Nach einem Treffen mit dem stellvertretenden griechischen Außenminister Nikos Chountis hatte Steinmeier in Brüssel erklärt, Griechenland solle endlich beginnen, sich mehr auf die Lösung des Schuldenstreits zu konzentrieren und weniger auf Kritik an der deutschen Regierung. Wichtiger seien jetzt konkrete Vorschläge aus Athen, wie die Regierung die europäischen Verpflichtungen erfüllen wolle. Deutlich schärfer war Bundesfinanzminister Wolfgang Schäuble am Montag geworden.
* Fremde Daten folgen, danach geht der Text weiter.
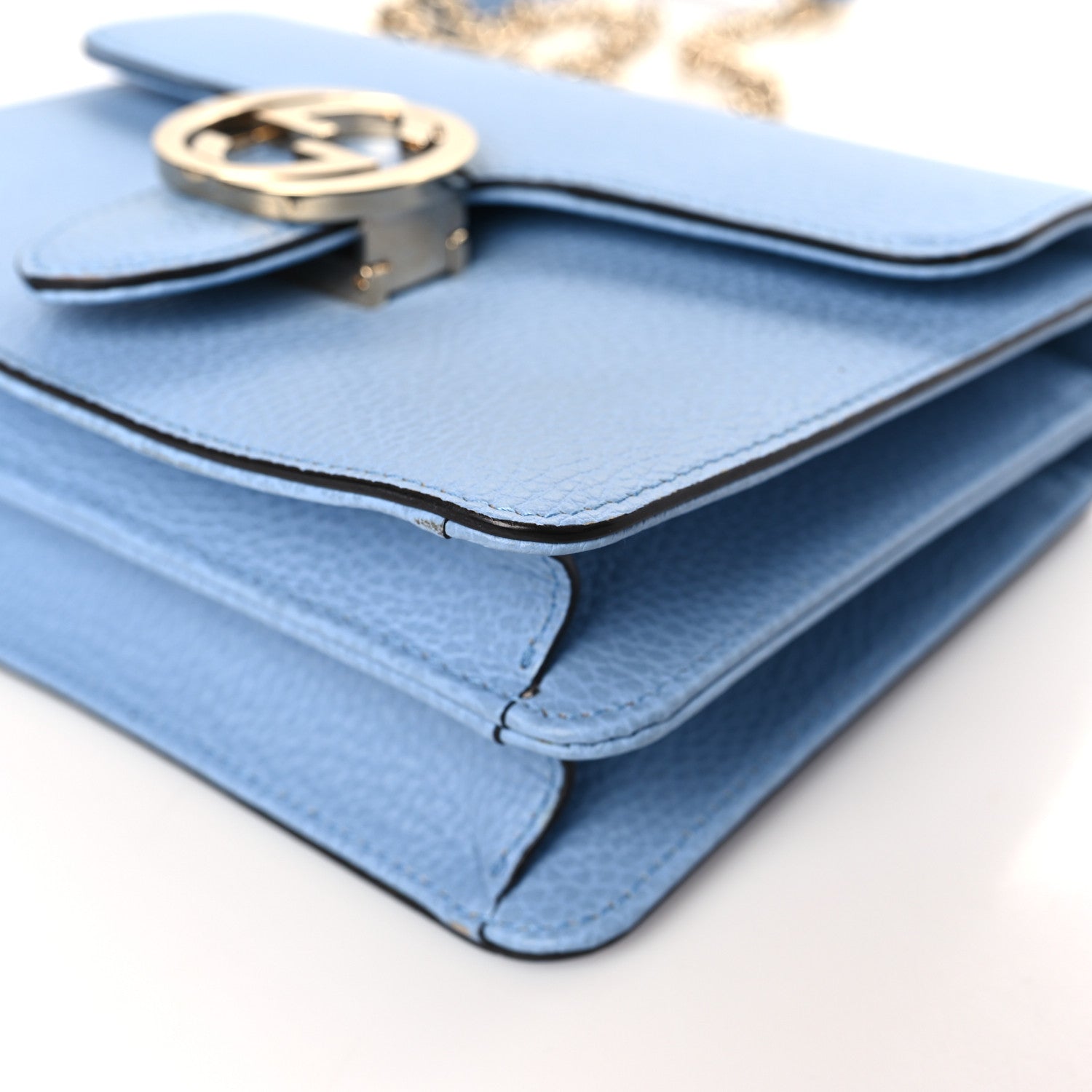 Gucci Dollar Calfskin Small Interlocking G Shoulder Bag Mineral Blue 9 of 13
Er hatte der griechischen Führung vorgeworfen, sie habe das Vertrauen der Partner zerstört und belüge die eigene Bevölkerung bei der Frage, was noch nötig werde, um das Problem zu lösen.

Der immer rauere Ton, insbesondere zwischen Schäuble und seinem griechischen Kollegen Yanis Varoufakis, und dazu der Ärger über mangelnde griechische Vorschläge, haben denn auch dazu geführt, dass Kanzlerin Merkel am Montag zum Telefonhörer griff, um Premierminister Tsipras nach Berlin einzuladen. Offenkundig halte sie den Zeitpunkt für gekommen, um "mit dem Hauptverantwortlichen in der griechischen Regierung über den Kern des Problems zu sprechen", verlautete aus Regierungskreisen. Bislang sei zu viel über Rand- und Ausweichthemen gesprochen worden, hieß es weiter. Mit einem aber solle man trotzdem nicht rechnen: dass am Montag alle Probleme gelöst würden.

Neben Brüssel und Berlin hat Tsipras aber noch andere Reisepläne: Wie die Regierung in Athen am Dienstag mitteilte, reist der Premier am 8. April nach Moskau. Der Regierungschef folge einer Einladung des russischen Präsidenten Wladimir Putin, so ein Regierungsvertreter. Der Besuch in Moskau war eigentlich für Anfang Mai geplant, anlässlich des 70. Jahrestages des Sieges über Nazi-Deutschland. Nach Angaben der Zeitung Ta Nea steht der Besuch in Verbindung mit der Geldknappheit Griechenlands. Angesichts der Differenzen mit den internationalen Geldgebern habe Athen darauf gedrungen, die Reise vorzuziehen.